*ASSIGNMENT:*
What you write must match the records exactly, except for the images, which are left out.

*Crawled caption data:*
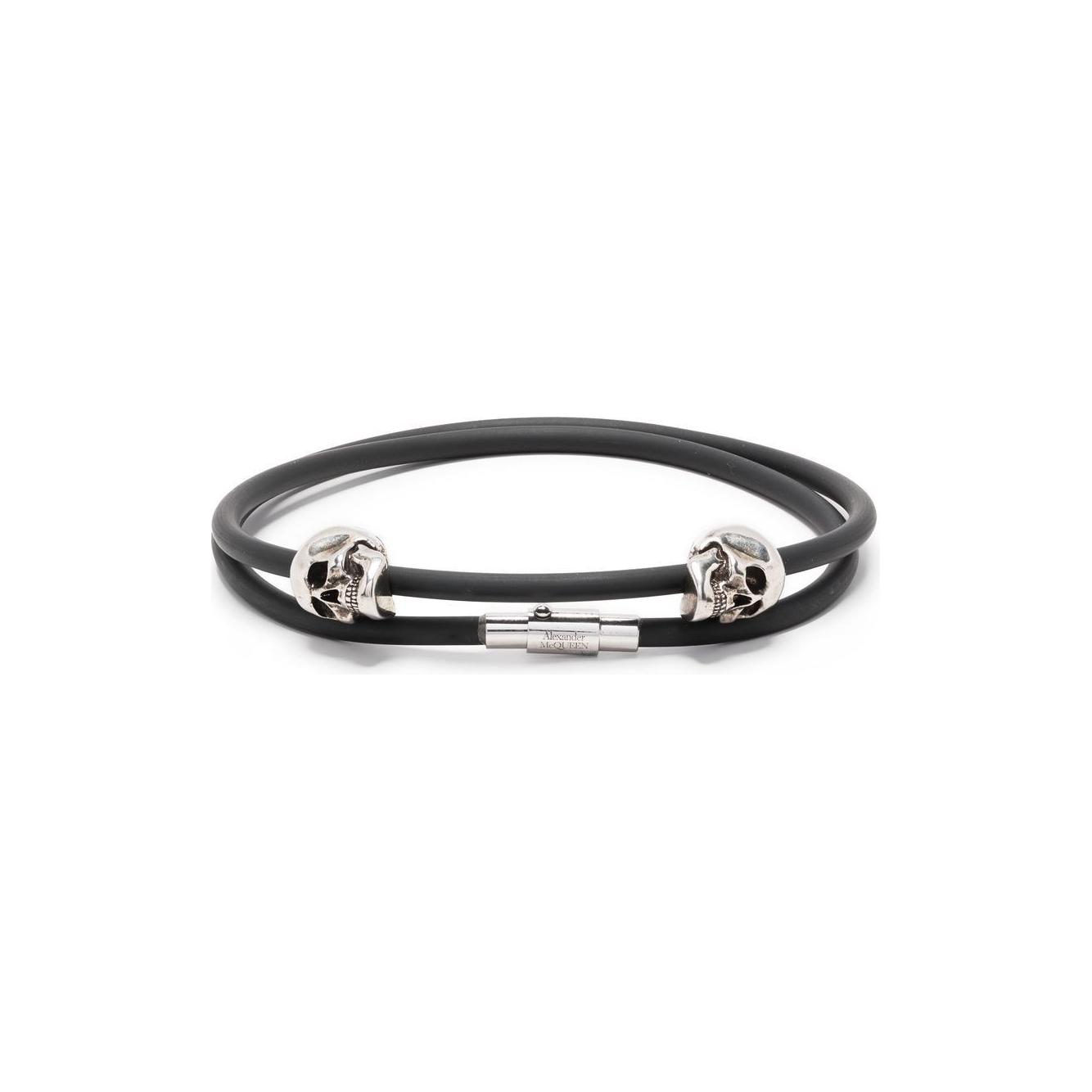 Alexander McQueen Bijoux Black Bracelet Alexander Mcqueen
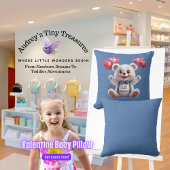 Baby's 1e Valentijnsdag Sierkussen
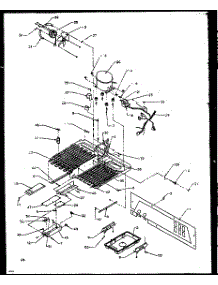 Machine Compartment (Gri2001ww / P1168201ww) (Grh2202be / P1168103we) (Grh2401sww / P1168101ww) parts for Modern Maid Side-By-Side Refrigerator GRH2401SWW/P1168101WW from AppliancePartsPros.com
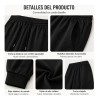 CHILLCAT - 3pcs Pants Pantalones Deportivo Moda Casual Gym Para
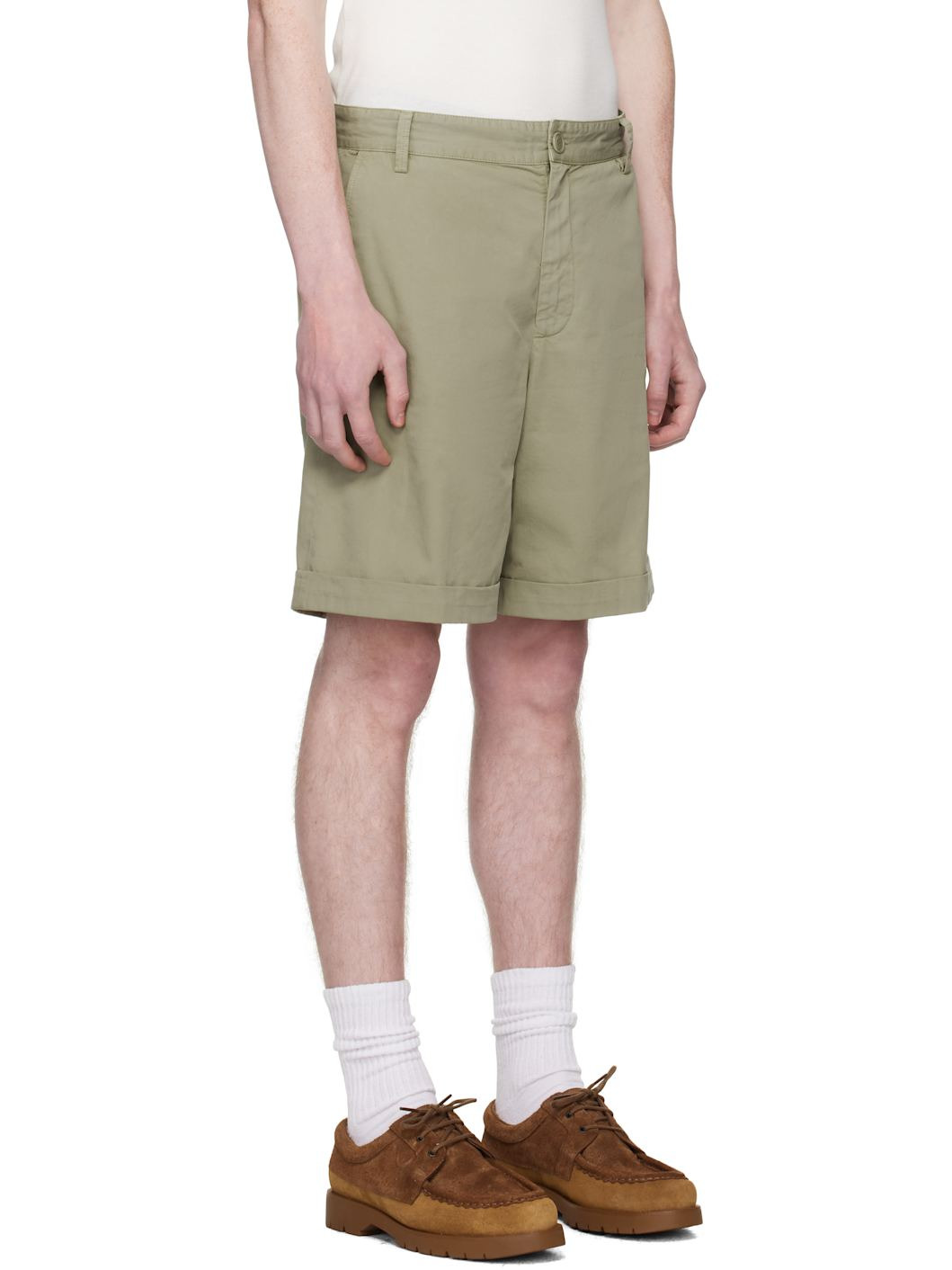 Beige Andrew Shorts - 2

*ANSWER SPACE:*
 Alexander McQueen Bijoux Black Bracelet Alexander Mcqueen
 Baby's 1e Valentijnsdag Sierkussen
 Machine Compartment (Gri2001ww / P1168201ww) (Grh2202be / P1168103we) (Grh2401sww / P1168101ww) parts for Modern Maid Side-By-Side Refrigerator GRH2401SWW/P1168101WW from AppliancePartsPros.com
 CHILLCAT - 3pcs Pants Pantalones Deportivo Moda Casual Gym Para
 Beige Andrew Shorts - 2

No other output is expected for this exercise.